Task prompt: When you find the line with "fig 3. George III walnut knee hole desk" among the records below, reproduce it and each line after it exactly, ending with the line with "SUZUKI GSX R750".

The input:
•••••
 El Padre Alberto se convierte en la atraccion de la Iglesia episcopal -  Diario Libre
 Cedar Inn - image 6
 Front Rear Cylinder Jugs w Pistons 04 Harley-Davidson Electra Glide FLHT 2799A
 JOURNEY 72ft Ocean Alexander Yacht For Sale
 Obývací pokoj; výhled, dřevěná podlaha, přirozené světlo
•••••
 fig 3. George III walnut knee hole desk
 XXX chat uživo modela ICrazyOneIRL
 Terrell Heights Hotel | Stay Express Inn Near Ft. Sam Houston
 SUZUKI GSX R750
•••••
Output of the task:
 fig 3. George III walnut knee hole desk
 XXX chat uživo modela ICrazyOneIRL
 Terrell Heights Hotel | Stay Express Inn Near Ft. Sam Houston
 SUZUKI GSX R750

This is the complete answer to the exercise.